* To do: Could you write out all of the data again, word for word?

○ ○ ○ ○ ○ ○ ○

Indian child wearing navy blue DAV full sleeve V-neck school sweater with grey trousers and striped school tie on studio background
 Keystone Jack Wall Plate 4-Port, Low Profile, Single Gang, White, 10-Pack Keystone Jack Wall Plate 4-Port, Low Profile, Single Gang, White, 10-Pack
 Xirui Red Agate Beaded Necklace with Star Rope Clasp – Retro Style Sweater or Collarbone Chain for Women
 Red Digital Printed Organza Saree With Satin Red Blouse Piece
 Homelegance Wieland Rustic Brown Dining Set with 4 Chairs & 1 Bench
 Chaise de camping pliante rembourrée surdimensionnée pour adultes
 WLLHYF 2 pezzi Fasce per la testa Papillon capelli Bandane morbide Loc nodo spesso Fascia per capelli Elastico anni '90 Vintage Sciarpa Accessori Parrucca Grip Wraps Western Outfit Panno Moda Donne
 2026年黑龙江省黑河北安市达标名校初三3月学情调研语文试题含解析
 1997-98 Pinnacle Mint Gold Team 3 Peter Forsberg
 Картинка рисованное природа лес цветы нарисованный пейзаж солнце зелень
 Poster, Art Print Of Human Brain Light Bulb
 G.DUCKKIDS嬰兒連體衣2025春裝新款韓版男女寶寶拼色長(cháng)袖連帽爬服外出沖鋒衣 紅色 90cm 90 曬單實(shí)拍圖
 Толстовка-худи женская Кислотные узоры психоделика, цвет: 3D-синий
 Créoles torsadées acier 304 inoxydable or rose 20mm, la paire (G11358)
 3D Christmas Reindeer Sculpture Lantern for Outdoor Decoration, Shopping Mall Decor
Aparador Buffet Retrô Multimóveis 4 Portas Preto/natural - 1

○ ○ ○ ○ ○ ○ ○

* Task answer:
Indian child wearing navy blue DAV full sleeve V-neck school sweater with grey trousers and striped school tie on studio background
 Keystone Jack Wall Plate 4-Port, Low Profile, Single Gang, White, 10-Pack Keystone Jack Wall Plate 4-Port, Low Profile, Single Gang, White, 10-Pack
 Xirui Red Agate Beaded Necklace with Star Rope Clasp – Retro Style Sweater or Collarbone Chain for Women
 Red Digital Printed Organza Saree With Satin Red Blouse Piece
 Homelegance Wieland Rustic Brown Dining Set with 4 Chairs & 1 Bench
 Chaise de camping pliante rembourrée surdimensionnée pour adultes
 WLLHYF 2 pezzi Fasce per la testa Papillon capelli Bandane morbide Loc nodo spesso Fascia per capelli Elastico anni '90 Vintage Sciarpa Accessori Parrucca Grip Wraps Western Outfit Panno Moda Donne
 2026年黑龙江省黑河北安市达标名校初三3月学情调研语文试题含解析
 1997-98 Pinnacle Mint Gold Team 3 Peter Forsberg
 Картинка рисованное природа лес цветы нарисованный пейзаж солнце зелень
 Poster, Art Print Of Human Brain Light Bulb
 G.DUCKKIDS嬰兒連體衣2025春裝新款韓版男女寶寶拼色長(cháng)袖連帽爬服外出沖鋒衣 紅色 90cm 90 曬單實(shí)拍圖
 Толстовка-худи женская Кислотные узоры психоделика, цвет: 3D-синий
 Créoles torsadées acier 304 inoxydable or rose 20mm, la paire (G11358)
 3D Christmas Reindeer Sculpture Lantern for Outdoor Decoration, Shopping Mall Decor
Aparador Buffet Retrô Multimóveis 4 Portas Preto/natural - 1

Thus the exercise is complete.